La seconda parola, profezia. Unità e profezia. I
nostri Apostoli sono stati provocati da Gesù. Pietro si è sentito
chiedere: “Tu, chi dici che io sia?” (cfr Mt 16,15). In quel
momento ha capito che al Signore non interessano le opinioni generali, ma la
scelta personale di seguirlo. Anche la vita di Paolo è cambiata dopo una
provocazione di Gesù: «Saulo, Saulo, perché mi perseguiti?» (At 9,4).
Il Signore lo ha scosso dentro: più che farlo cadere a terra sulla via di
Damasco, ha fatto cadere la sua presunzione di uomo religioso e per bene. Così
il fiero Saulo è diventato Paolo: Paolo, che significa “piccolo”. A queste
provocazioni, a questi ribaltamenti di vita seguono le profezie: «Tu sei Pietro
e su questa pietra edificherò la mia Chiesa» (Mt 16,18); e a Paolo:
«È lo strumento che ho scelto per me, affinché porti il mio nome dinanzi alle
nazioni» (At 9,15). Dunque, la profezia nasce quando ci si lascia
provocare da Dio: non quando si gestisce la propria tranquillità e si tiene tutto
sotto controllo. Non nasce dai miei pensieri, non nasce dal mio cuore chiuso.
Nasce se noi ci lasciamo provocare da Dio. Quando il Vangelo ribalta le
certezze, scaturisce la profezia. Solo chi si apre alle sorprese di Dio diventa
profeta. Ed eccoli Pietro e Paolo, profeti che vedono più in là: Pietro per
primo proclama che Gesù è «il Cristo, il Figlio del Dio vivente» (Mt 16,16);
Paolo anticipa il finale della propria vita: «Mi resta soltanto la corona di
giustizia che il Signore mi concederà» (2 Tm 4,8).

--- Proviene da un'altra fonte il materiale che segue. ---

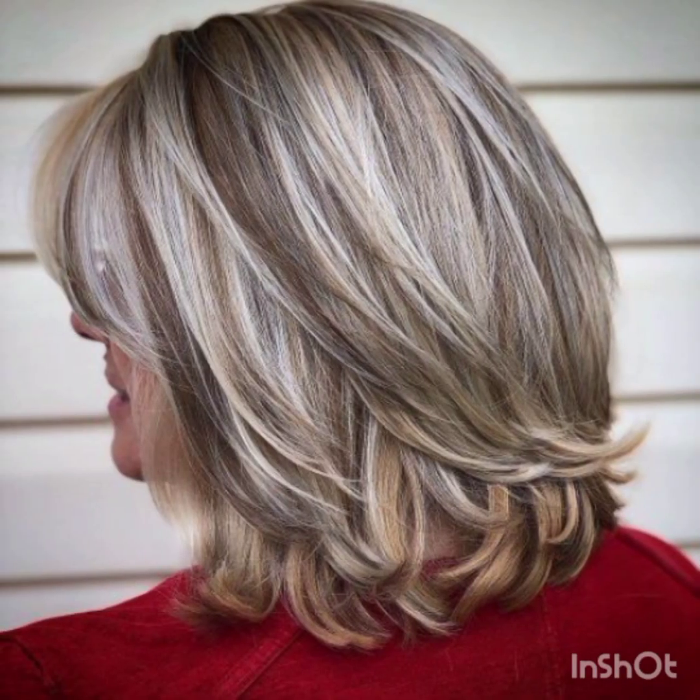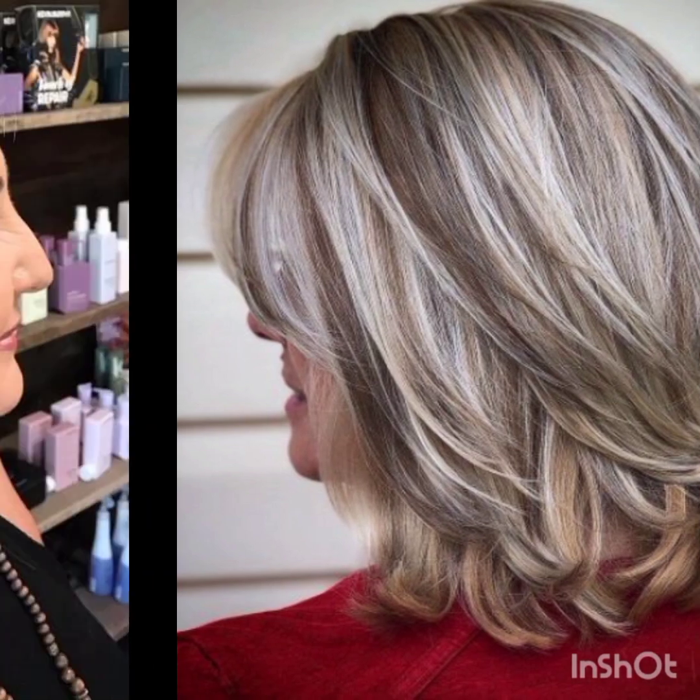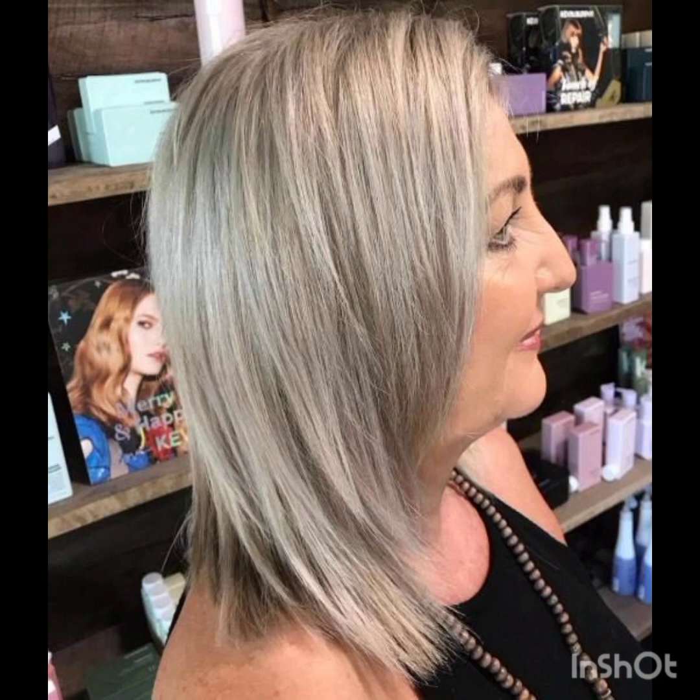In this video I will show you modern pixie hairstyles for working women and business women. I hope all of you like my videos — please watch till the end, like and subscribe, and wait for my next video.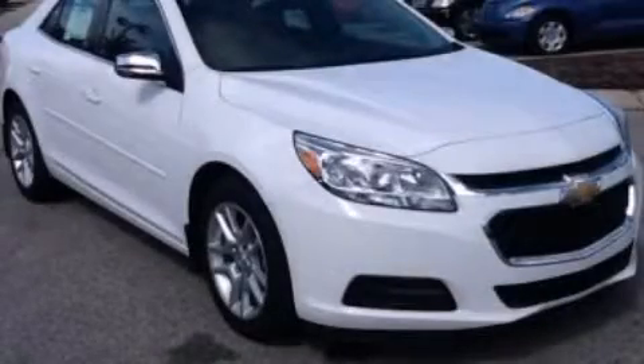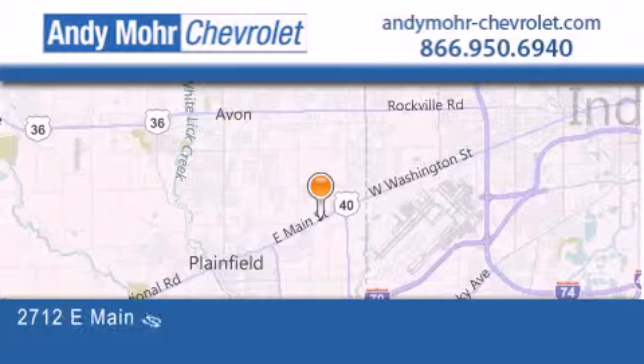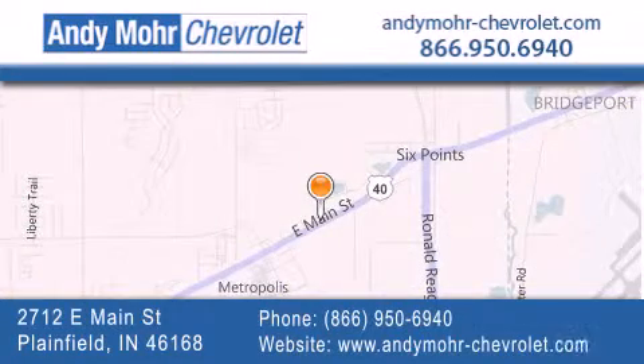Please call today to reserve this vehicle for a test drive. Andy Moore Chevrolet is the place to find new Chevrolet cars as well as pre-owned cars in Indianapolis. You can visit our new and pre-owned inventory online, get new car pricing, and receive free no-obligation price quotes. Visit Andy Moore Chevrolet today at 2712 East Main Street in Plainfield or see us online at andymoore-chevrolet.com.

Oggi abbiamo bisogno di profezia, ma di profezia vera: non di parolai che
promettono l’impossibile, ma di testimonianze che il Vangelo è possibile. Non
servono manifestazioni miracolose. A me fa dolore quando sento proclamare:
“Vogliamo una Chiesa profetica”. Bene. Cosa fai, perché la Chiesa sia
profetica? Servono vite che manifestano il miracolo dell’amore di Dio. Non
potenza, ma coerenza. Non parole, ma preghiera. Non proclami, ma servizio. Tu
vuoi una Chiesa profetica? Incomincia a servire, e stai zitto. Non teoria, ma
testimonianza. Non abbiamo bisogno di essere ricchi, ma di amare i poveri; non
di guadagnare per noi, ma di spenderci per gli altri; non del consenso del
mondo, quello stare bene con tutti – da noi si dice: “stare bene con Dio e con
il diavolo”, stare bene con tutti –; no, questo non è profezia. Ma abbiamo
bisogno della gioia per il mondo che verrà; non di quei progetti pastorali che
sembrano avere in sé la propria efficienza, come se fossero dei sacramenti,
progetti pastorali efficienti, no, ma abbiamo bisogno di pastori che offrono la
vita: di innamorati di Dio. Così Pietro e Paolo hanno annunciato
Gesù, da innamorati. Pietro, prima di essere messo in croce, non pensa a sé ma
al suo Signore e, ritenendosi indegno di morire come Lui, chiede di essere
crocifisso a testa in giù. Paolo, prima di venire decapitato, pensa solo a
donare la vita e scrive che vuole essere «versato in offerta» (2 Tm 4,6).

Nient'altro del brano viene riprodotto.